GM Oracle, o como escribir una historia con cartas

Como ya habréis visto en Instagram, durante los últimos días he ido publicando algunas entradas sobre Fatum y GM Oracle, centrándome en su utilidad para crear personajes e historias.

El mecanismo es bastante sencillo: las cartas se disponen siguiendo una estructura concreta y, a partir de ahí, se van revelando elementos como el protagonista, la situación inicial, la meta, el antagonista o la recompensa.

Cada carta incorpora además una serie de preguntas y conceptos que ayudan a profundizar en la escena y a añadir detalles que enriquecen la narración.

Pero GM Oracle no se queda únicamente en la creación de historias. También incluye herramientas para el Narrador —o Dungeon Master— como encuentros aleatorios, tesoros, trampas y otros recursos pensados para facilitar la improvisación. Es especialmente útil cuando la partida llega a un punto para el que no teníamos nada preparado o, simplemente, cuando la inspiración decide abandonarnos. Una sencilla tirada de cartas puede ser suficiente para que la historia vuelva a ponerse en marcha.

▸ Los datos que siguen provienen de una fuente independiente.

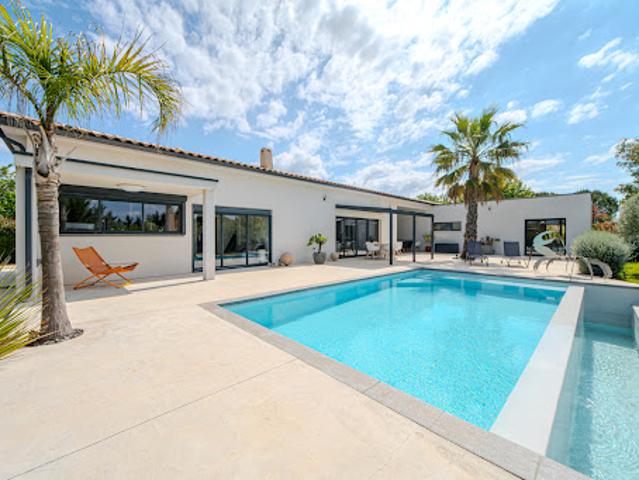 Maison avec piscine et jardin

¿Qué aporta GM Oracle a una partida?

Una de las cosas más interesantes de GM Oracle es que no obliga a utilizarlo únicamente para preparar una aventura desde cero. También puede entrar en juego en mitad de una sesión, cuando los jugadores toman una dirección inesperada o cuando el Narrador necesita una respuesta rápida para algo que no tenía preparado.

Una tirada puede servir para decidir qué hay detrás de una puerta, qué clase de enemigo aparece, qué quiere realmente un PNJ, qué recompensa espera al grupo o incluso qué giro puede complicar una escena que parecía sencilla. En lugar de detener la partida para pensar durante varios minutos, las cartas ofrecen una serie de ideas sobre las que improvisar.

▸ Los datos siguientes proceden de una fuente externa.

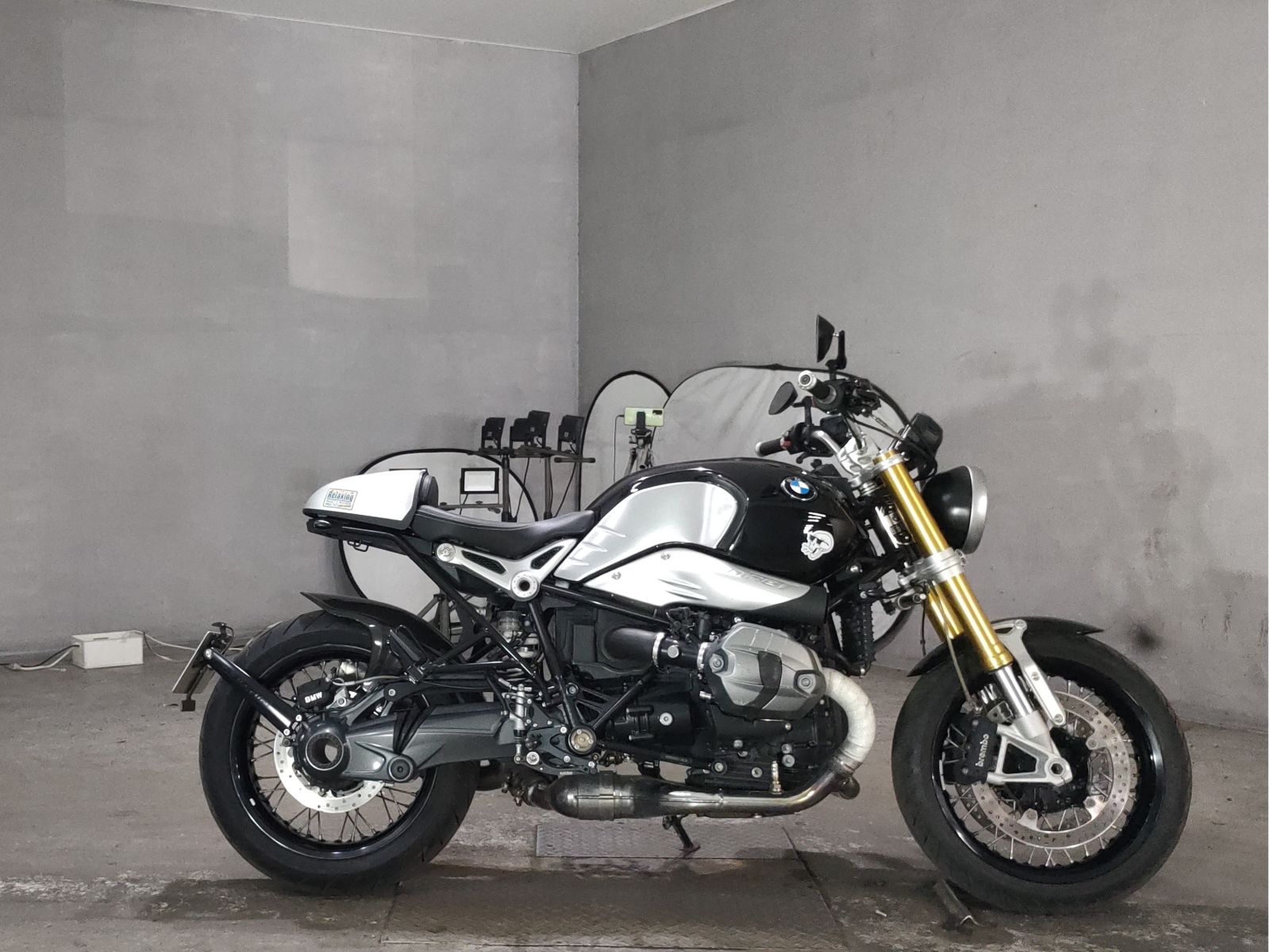 BMW R NINE T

Esto también lo hace especialmente interesante para el juego en solitario. Cuando no hay Narrador, cualquier herramienta que introduzca incertidumbre y obligue al jugador a reaccionar ante algo que no había previsto ayuda a que la historia no termine convirtiéndose simplemente en aquello que uno quería que sucediera desde el principio.

Si tomamos como referencia las tiradas que hicimos en Instagram para crear al personaje y posteriormente su historia, la lectura resultante podría ser esta:

Zahir llega a Qadira, una ciudad hermosa y corrupta donde una fiebre sin nombre vacía los barrios pobres mientras los poderosos siguen celebrando banquetes. Allí busca a Nayra de los Velos, una bailarina, ladrona y espía tan ágil como escurridiza, que ha robado —o recuperado— una extraña pócima llamada Sangre de Azafrán. Diluida puede aliviar la enfermedad que azota la ciudad; en estado puro, se convierte en un veneno mortal.

La búsqueda de Nayra llevará a Zahir hasta un taller de alquimista, un cadáver reciente y el regreso de Kharad, un bárbaro del desierto que guarda una vieja deuda con él. Entre magia, acero, veneno y una atracción difícil de ignorar, Zahir tendrá que decidir qué hacer con una cura capaz de salvar vidas… o acabar con ellas.

Como puede verse, con unas pocas cartas ya tenemos una semilla bastante sólida para construir un relato, preparar una partida o ampliar el trasfondo del personaje introduciendo nuevos lugares, enemigos y relaciones.

Y eso es precisamente lo interesante de GM Oracle: no escribe la historia por nosotros, sino que nos da suficientes piezas para empezar a imaginarla.

De unas cartas a una historia

Lo interesante de esta tirada es que GM Oracle no nos ha dado un argumento completo. Nos ha proporcionado unas piezas.

Tenemos un protagonista ya definido, una situación marcada por la decadencia y la corrupción, una meta relacionada con el romance, un enemigo procedente del desierto y una recompensa ligada a la alquimia, la medicina o el veneno.

A partir de ahí empiezan las decisiones.

¿Dónde ocurre la historia? ¿Quién es esa persona ágil que busca Zahir? ¿Por qué el bárbaro quiere detenerlo? ¿La pócima es realmente una recompensa o puede convertirse en el centro del conflicto?

En nuestro caso, esas preguntas terminaron dando forma a Qadira, Nayra de los Velos, Kharad y la Sangre de Azafrán. Otra persona podría haber utilizado exactamente las mismas cartas y haber obtenido una historia completamente distinta.

Y creo que ahí está una de las mayores virtudes de GM Oracle: las cartas no sustituyen la imaginación, la provocan.